Acton Institute
by Dylan Pahman on Monday, January 9, 2012
Every year this last aspect of the feast stands as a reminder of the Christian viewpoint of God’s concern for the world he created. Indeed, according to a hymn from the Great Blessing of the Waters by St. Sophronios of Jerusalem, “Today the nature of the waters is sanctified.”
In the Orthodox tradition, there is a sense in which, while all of nature was made for the use and care of humankind, the ultimate purpose of the material world is sacramental. As the Russian Orthodox moral philosopher Vladamir Solovyov wrote, “[M]atter has a right to be spiritualised.“
This view contrasts with two rival views of ecology. One view, which continually crops up in popular culture, is that humans ultimately are doing more harm than good. Our efforts to master nature and use it for humanity’s benefit will cause its (and our) destruction someday. The second is the view against which the first is reacting. It is the modern view of a limitless use of natural resources with little concern for their preservation.
The vision given to us in Theophany is something else entirely. Through his baptism, Christ sanctifies the waters so that we might be sanctified by the waters of baptism. Water becomes a means by which humanity is perfected and the world as a whole reflects the glory of God to a greater degree.

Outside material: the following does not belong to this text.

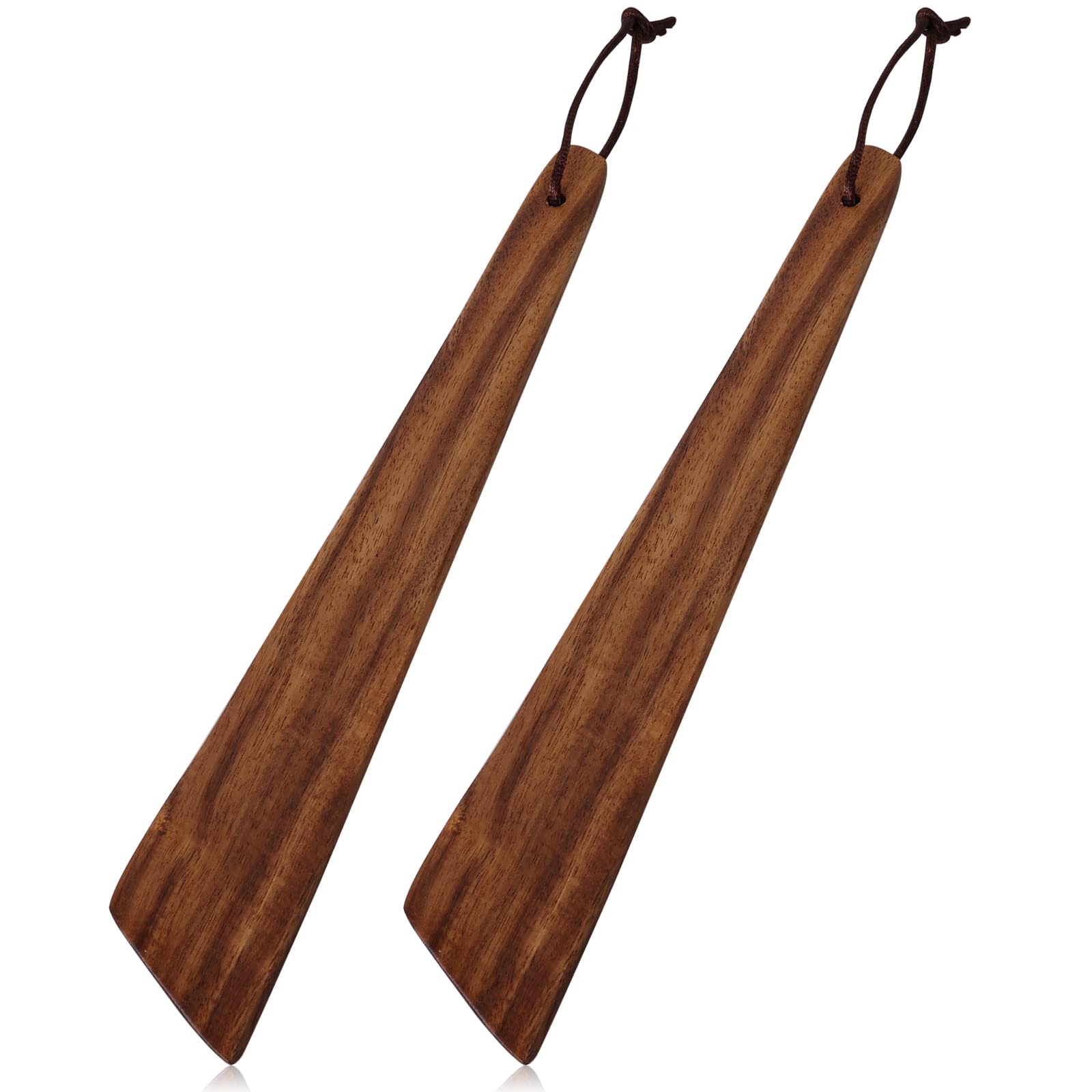 2Pcs Teak Wooden Spatula, 25Cm/ 9.8 Inch Flat Wooden Turner Non-Stick Kitchen Spatula Set Egg Scraper Wood Cooking Utensil For S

In the Orthodox Church, this is not only true of the water, either. Bread and wine are used in the Eucharist, oil in Holy Unction and Chrismation (Confirmation), wood and gold and egg tempera paint in the making of holy icons, etc. The list goes on and on. The world is not meant to be left as is, nor is it meant to be carelessly depleted of its resources; it is meant to be spiritualized. It is a means and manifestation of divine grace and beauty.
How does this relate to economics? Economically, natural resources are material capital, and according to Vladimir Solovyov, we err if we seek to divorce them from their spiritual and moral purpose and make them independent, existing in and for themselves. He writes,
Alienation from the higher spiritual interests becomes inevitable as soon as the material side of human life is recognized to have an independent and unconditional value. One cannot serve two masters; and socialism naturally gives predominance to the principle under the banner of which the whole movement had originated, i.e. to the material principle. The domain of economic relations is entirely subordinated to it, and is recognised as the chief, the fundamental, the only real and decisive factor in the life of humanity. At this point the inner opposition between socialism and the bourgeois political economy disappears.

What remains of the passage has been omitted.